Should India participate in West Asian peace process?

India’s interest in Palestine is about issues other than Palestine itself. As is true for much of the world. India’s ‘West Asia policy’ balances ties with Israel, Arab world.
By IT's Editorial Board
January 10, 2017

 

GS (M) Paper-2: “Bilateral, regional and global groupings and agreements involving India and/or affecting India’s interests”

 

Should India participate in West Asian peace process?

Introduction:

  • In November 2016, India held its first joint commission meeting with the Palestinian Authority and this week will send a representative to a Paris meeting on reviving the West Asia peace process.

ias-toppers-india-israel-palestine

Are these developments mean something?

  • None of this is path-breaking and still a far cry from the pre-1990 days when India was a vociferous supporter of the Palestinian cause.
  • But there are reasons India is considering tentative steps in this direction.

What are the reasons?

One, 

  • The transformation of relations between India and the UAE, with Saudi Arabia and Qatar a few steps behind, has meant the present government is beginning to shape what its officials call a “greater West Asia” policy.
  • Besides some standard diplomatic and economic interests, India probably sees an opportunity to reduce Pakistan’s standing in a part of the world from which it has long received blind support.
  • For example, even Morocco, the farthest outpost of the Arab world from India, is cooperating with Indian intelligence about Lashkar-e-Toiba operatives’ use of that country as a transit point.

Second,

  • Modi is personally a source of suspicion across much of the Arab and Muslim world thanks to the shadow of the 2002 Gujarat riots.

Third,

  • Part of New Delhi’s problem is that it is increasingly hard to find Arab interlocutors it is comfortable with.
  • There are few functional examples of the secular, if largely undemocratic, Arab political parties or movements that India has traditionally preferred.

Fourth,

  • India is likely to further expand its relationship with Israel.
  • Already the larger importer of Israeli arms in the world, India now has a security relationship that extends to the most sensitive defence areas like nuclear weapons technology and doctrine. Modi’s additional interest in the relationship is water.
  • Israel is the acknowledged world leader in this area and the PM wants this to be a new pillar in the relationship.

India’s stand:

  • New Delhi knows that as it becomes closer to Tel Aviv (Israel), there is an inevitable blowback in the Arab world. Showing renewed interest in Palestine is a useful means to help counter this.
  • New Delhi has used support for Palestinian nationalism as a foil to counter criticism of its shift to Tel Aviv for decades.
  • Interestingly, in the joint commission meeting the Palestinians said they were pleased to talk to India because of its presumed influence on the Israelis.
  • India’s proposal to build an infotech park in Gaza may be the most important and tangible contribution it can make to the Palestinians.

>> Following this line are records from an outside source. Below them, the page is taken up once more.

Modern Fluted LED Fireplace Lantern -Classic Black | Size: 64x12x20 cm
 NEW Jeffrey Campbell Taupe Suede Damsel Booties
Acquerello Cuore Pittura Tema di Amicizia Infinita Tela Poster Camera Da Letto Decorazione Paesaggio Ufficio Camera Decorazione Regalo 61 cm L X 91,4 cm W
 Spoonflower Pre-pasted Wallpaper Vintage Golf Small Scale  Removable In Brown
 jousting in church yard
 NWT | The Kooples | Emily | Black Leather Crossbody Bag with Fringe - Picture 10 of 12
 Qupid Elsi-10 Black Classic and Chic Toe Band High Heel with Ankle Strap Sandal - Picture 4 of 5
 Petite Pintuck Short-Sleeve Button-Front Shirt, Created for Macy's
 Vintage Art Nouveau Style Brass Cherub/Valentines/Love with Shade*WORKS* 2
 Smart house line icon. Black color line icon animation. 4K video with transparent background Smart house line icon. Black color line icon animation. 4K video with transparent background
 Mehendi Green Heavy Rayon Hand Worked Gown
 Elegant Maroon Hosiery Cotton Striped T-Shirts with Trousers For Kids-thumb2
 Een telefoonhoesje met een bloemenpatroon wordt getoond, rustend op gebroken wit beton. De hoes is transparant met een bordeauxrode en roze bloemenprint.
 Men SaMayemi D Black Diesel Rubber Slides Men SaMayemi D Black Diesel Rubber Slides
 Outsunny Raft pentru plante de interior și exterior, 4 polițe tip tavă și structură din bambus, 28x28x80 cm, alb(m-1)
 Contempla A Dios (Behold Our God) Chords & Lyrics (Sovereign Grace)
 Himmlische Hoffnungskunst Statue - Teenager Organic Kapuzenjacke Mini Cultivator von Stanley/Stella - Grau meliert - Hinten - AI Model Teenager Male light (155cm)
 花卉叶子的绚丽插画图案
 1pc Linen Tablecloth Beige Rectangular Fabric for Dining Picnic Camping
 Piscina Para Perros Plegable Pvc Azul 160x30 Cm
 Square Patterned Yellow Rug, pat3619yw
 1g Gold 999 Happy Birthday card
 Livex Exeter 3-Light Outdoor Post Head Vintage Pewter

Should India participate in West Asian peace process?

  • India has neither the means and interest nor the diplomatic heft to directly involved in the West Asian peace process.
  • Even, latest polls show that support for a two-nation solution is at its lowest point among both Israelis and Palestinians.
  • For example, the outgoing Barack Obama — is a sign what the international community actually thinks about its prospects.

India’s problems:

India has other problems.

  • One of them is its refusal to deal with Hamas, the Palestinian arm of the Muslim Brotherhood, because of its dislike for non-secular Islamic groups. But to talk Palestine without Hamas is like speaking a language without vowels.

Conclusion:

  • None of this will matter for now. New Delhi’s interest in Palestine is about issues other than Palestine itself. As is true for much of the world.